The new guidance defines “national origin” as an individual’s, or his or her ancestors’, place of origin, which can be a country (including the United States), a former country, or a geographic region.  In addition, “national origin” refers to an individual’s national origin group or ethnic group, which it defines as “a group of people sharing a common language, culture, ancestry, race, and/or other social characteristics.”  Discrimination based on national origin group includes discrimination because of a person’s ethnicity (e.g., Hispanic) or physical, linguistic, or cultural traits (e.g., accent or style of dress).  Discrimination based on place of origin or national origin group includes discrimination involving a mere perception of where a person is from (e.g., Middle Eastern or Arab), association with someone of a particular national origin, or citizenship status.  Title VII discrimination can take the form of unfavorable employment decisions based on national origin or harassment so pervasive or severe that it creates a hostile work environment.
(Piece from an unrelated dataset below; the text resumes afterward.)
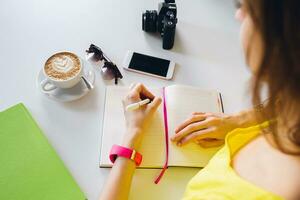 portrait of young pretty woman sitting at table, student learning photo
In addition to clarifying the meaning of “national origin,” the guidance provides examples based on how actual courts have applied Title VII to specific facts.  For example, the guidance gives as an example of “intersectional” discrimination a Mexican-American woman who, without explanation, was denied a promotion at a company where she successfully worked for 10 years, despite two non-Mexican women and a Mexican man being selected for the same position.  The guidance also provides examples where national origin discrimination overlaps with other protected bases, such as discriminating against people with origins in the Middle East due to a perception that they follow certain religious practices.  Further, the guidance gives examples of real cases where employment decisions and harassment constituted Title VII national origin violations, as well as cases where Title VII violations were not found.  Finally, the guidance applies Title VII national origin principles to trafficking cases, where employers use force, fraud, or coercion to compel labor or exploit workers, and such conduct is directed at an individual or a group of individuals based on national origin.

Employers of foreign national workers should note that individuals with Title VII claims may also have claims under other Federal statutes, including the anti-discrimination provision of the Immigration and Nationality Act (INA).  Form I-9 and the E-Verify program are two areas where discrimination claims could arise under both the INA and Title VII.